4.3 At the election of the Company, without cause, upon 30 days'
prior written notice to the Employee.
4.4 At the election of the Employee, with or without cause upon 30
days' prior written notice to the Company.
5. EFFECT OF TERMINATION.
5.1 TERMINATION BY THE COMPANY FOR CAUSE. In the event the
Employee's employment is terminated by the Company pursuant to Section 4.2, the
Company shall pay to the Employee the compensation and benefits otherwise
payable to him under Section 3 (other than any bonuses provided for in Section
3.2 for the calendar year or calendar quarter in which such termination is
effective) through the last day of his actual employment by the Company.
5.2 TERMINATION BY THE COMPANY WITHOUT CAUSE. In the event the
Employee's employment is terminated by the Company pursuant to Section 4.1 or
4.3, the Company shall pay or provide to the Employee the compensation and
benefits otherwise payable to him under Section 3 (other than any bonuses
provided for in Section 3.2 for the calendar year or calendar quarter in which
such termination is effective) through the last day of his actual employment by
the Company and shall make severance payments to the Employee at a monthly rate
equal to one-twelfth of the annual base salary referred to in Section 3.1 to
which the Employee was entitled on the effective date of such termination for a
period of three months from the effective date of such termination.
6. CONFIDENTIALITY; ASSIGNMENT OF INVENTIONS; NON-COMPETITION. The
Employee acknowledges that he has, on or prior to the date of this Agreement,
executed and delivered to the Company an Invention, Non-Disclosure and
Non-Competition Agreement (the "Invention Agreement"). The Employee hereby
affirms and ratifies his obligations thereunder.
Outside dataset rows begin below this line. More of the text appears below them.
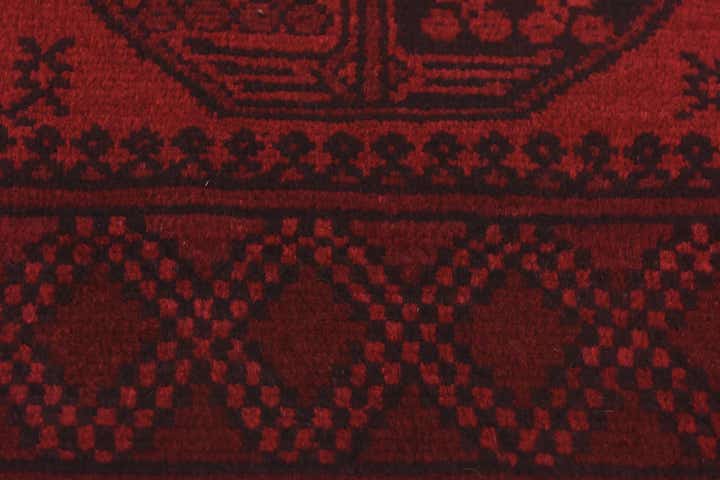 3' 5 x 5' 1 Hand Knotted Afghan Akhche Wool Rug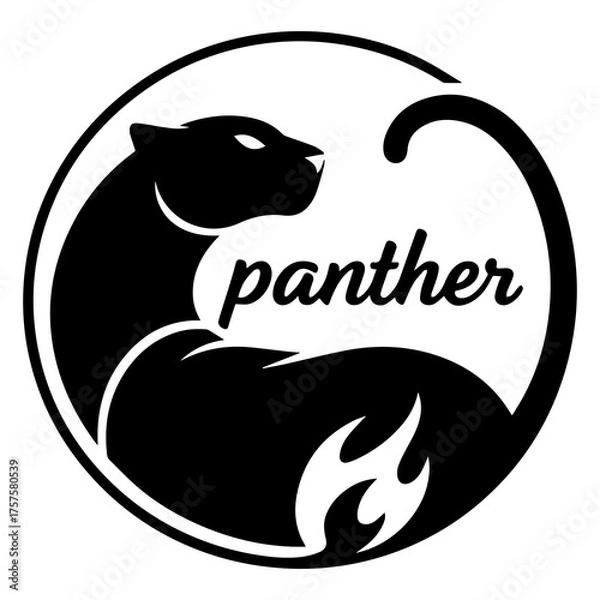 Fototapeta A striking black silhouette of a majestic eagle in flight isolated on transparent background silhouette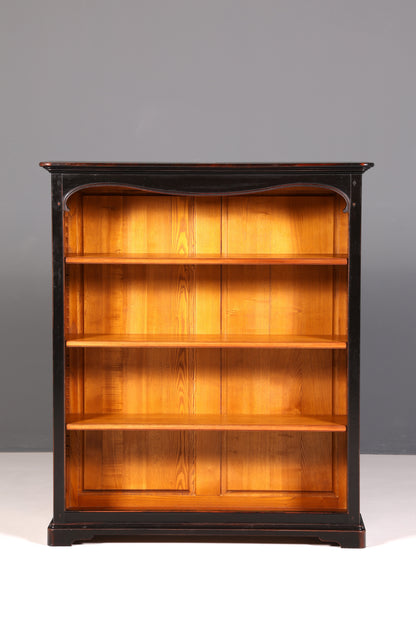 G083 Finish cm Wunderschönes Jugendstil Bücherregal Eiche Regal Antik Englisch Buchablage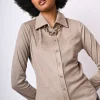 Camicia in faux suede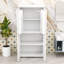 Armoire de rangement pour salle de bain avec tablettes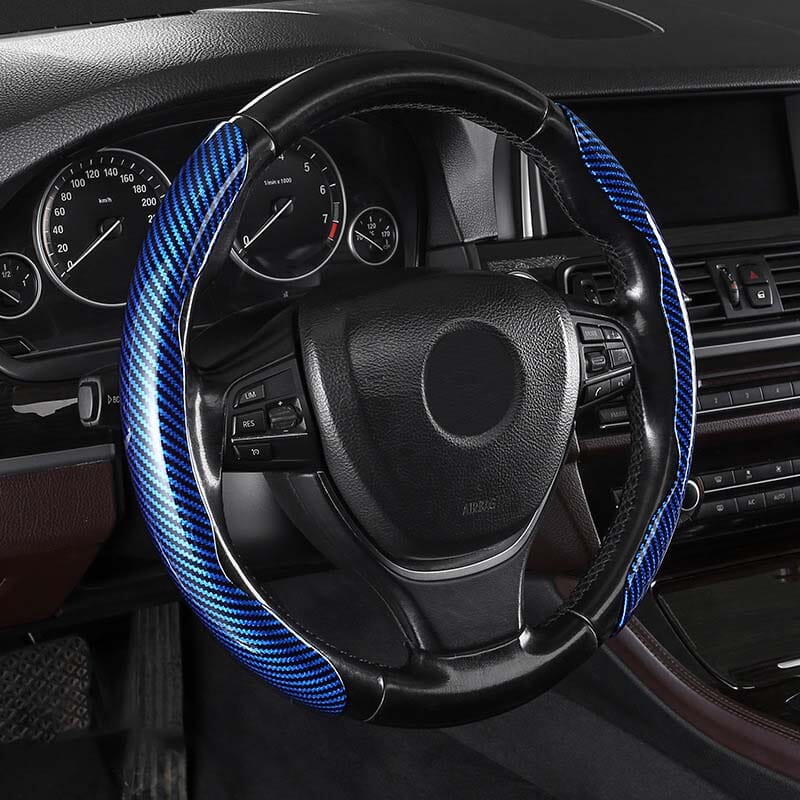 Universal Laser Carbon Fiber Pattern Steering Wheel Cover - Image 21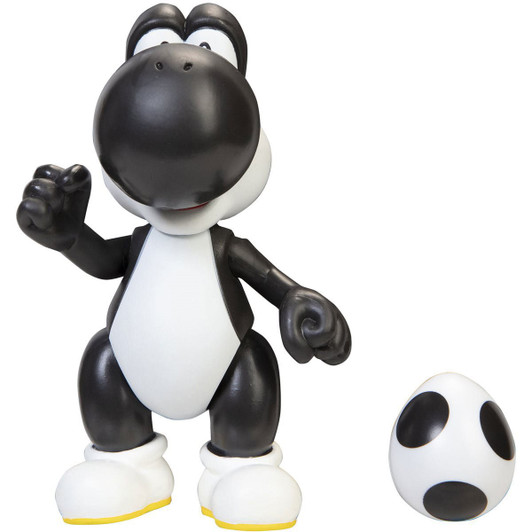 Jakks Super Mario Black Yoshi 4" Action Figure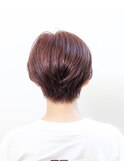 ショートボブ#ブリーチなし#ショートカット#ダメージレスカラー
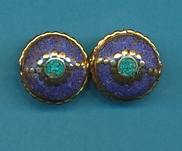 Circle with Flower Beads lapis.JPG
7. NOTICES. All notices required or permitted under this Agreement
shall be in writing and shall be deemed effective upon personal delivery or
three days after deposit in the United States Post Office, by registered or
certified mail, postage prepaid, return receipt requested, addressed to the
other party at the address shown above (and, in the case of any notice to the
Company, with a copy to Xxxxx Xxxx, Esq., Xxxx and Xxxx LLP, 00 Xxxxx Xxxxxx,
Xxxxxx, Xxxxxxxxxxxxx 02109), or at such other address or addresses of which
either party shall notify the other in accordance with this Section 7.
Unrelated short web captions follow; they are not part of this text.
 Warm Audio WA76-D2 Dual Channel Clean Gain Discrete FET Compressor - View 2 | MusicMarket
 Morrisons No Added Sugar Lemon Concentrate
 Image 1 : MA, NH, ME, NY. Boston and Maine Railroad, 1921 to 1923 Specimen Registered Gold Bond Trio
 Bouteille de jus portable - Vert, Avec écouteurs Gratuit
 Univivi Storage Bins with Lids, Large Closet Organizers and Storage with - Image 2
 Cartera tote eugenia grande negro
8. PRONOUNS. Whenever the context may require, any pronouns used in
this Agreement shall include the corresponding masculine, feminine or neuter
forms, and the singular forms of nouns and pronouns shall include the plural,
and vice versa.
9. ENTIRE AGREEMENT. This Agreement and the Invention Agreement
constitute the entire agreement between the parties and supersede all prior
agreements and understandings, whether written or oral, relating to the subject
matter of this Agreement and the Invention Agreement.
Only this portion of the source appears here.